As states' revenue bases dwindle, more public-sector agencies are turning to technologies that locate millions in unpaid tax dollars to avoid further cuts and tax hikes.
In one example, the data warehousing computer system Teradata has been implemented in eight states states so far (Texas, Missouri, Ohio, Iowa and others) and has collectively recovered more than $1.3 billion in unreported or underreported taxes, according to company officials. It's helped break down silos, open communications between federal and state agencies and buffer what would otherwise be deeper budget cuts.
"Many governments may be in a budget crunch, but some states are mitigating the need to raise taxes by investing in technology to recover money," said David Patterson, spokesman for Teradata's external public relations firm, Merritt Group.
Teradata creates a centralized data pool that "can drill into every corner of the state's tax data and automatically generates alerts that call attention to opportunities to recover taxes owed yet unpaid," Patterson said.
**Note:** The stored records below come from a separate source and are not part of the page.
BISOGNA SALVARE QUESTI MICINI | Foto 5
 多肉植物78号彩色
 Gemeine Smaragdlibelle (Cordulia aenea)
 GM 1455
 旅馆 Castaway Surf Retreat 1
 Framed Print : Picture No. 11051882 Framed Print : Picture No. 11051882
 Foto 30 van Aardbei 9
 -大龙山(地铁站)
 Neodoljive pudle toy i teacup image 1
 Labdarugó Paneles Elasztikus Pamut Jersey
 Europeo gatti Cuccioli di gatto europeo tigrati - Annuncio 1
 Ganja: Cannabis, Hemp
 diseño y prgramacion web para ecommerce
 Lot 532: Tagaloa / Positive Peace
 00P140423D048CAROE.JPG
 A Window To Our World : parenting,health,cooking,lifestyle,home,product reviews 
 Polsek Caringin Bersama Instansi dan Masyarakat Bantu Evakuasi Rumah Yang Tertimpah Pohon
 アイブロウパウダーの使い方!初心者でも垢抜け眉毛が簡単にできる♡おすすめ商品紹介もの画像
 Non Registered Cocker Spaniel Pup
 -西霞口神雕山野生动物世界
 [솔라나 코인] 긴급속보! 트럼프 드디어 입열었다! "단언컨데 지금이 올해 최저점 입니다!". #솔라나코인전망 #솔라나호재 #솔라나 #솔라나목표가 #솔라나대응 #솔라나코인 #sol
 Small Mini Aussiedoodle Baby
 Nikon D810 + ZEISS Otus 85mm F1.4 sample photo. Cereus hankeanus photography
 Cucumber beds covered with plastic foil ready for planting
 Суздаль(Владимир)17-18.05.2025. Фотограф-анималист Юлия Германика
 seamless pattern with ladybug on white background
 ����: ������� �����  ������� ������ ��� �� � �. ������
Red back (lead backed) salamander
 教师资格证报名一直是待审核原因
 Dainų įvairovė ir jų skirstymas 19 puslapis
The system discovers and identifies unpaid personal income tax, corporate income tax, sales tax and employer withholding information, said Teradata spokesman Michael O'Sullivan.
Missouri has collected more than $94 million since receiving its first payment in March 2005, Missouri Department of Revenue Communications Director Ted Farnen said in a statement.
"In addition to the revenue received that probably would have gone uncollected, one of the byproducts of the program is communication to individuals and the business community concerning specific overlooked tax obligations," the statement said. "The education of taxpayers results in increased future voluntary compliance while providing ongoing new state revenues."
Many states have the data to show individuals and companies that aren't being tax compliant, but "they don't have the tools and skills to bring it all together in one place to really analyze and get the most value out of it," said Steve Taylor, Teradata Business Development for Revenue and Compliance director.
For Oklahoma, the system has helped identify 73,000 cases of underreported or unreported taxes, which translated to roughly $16.3 million, Oklahoma Tax Commission Agency Administrator Tony Mastin said.
"It's one thing to know there's data available," he said. "It's a whole different story to have the resources to do something with that data."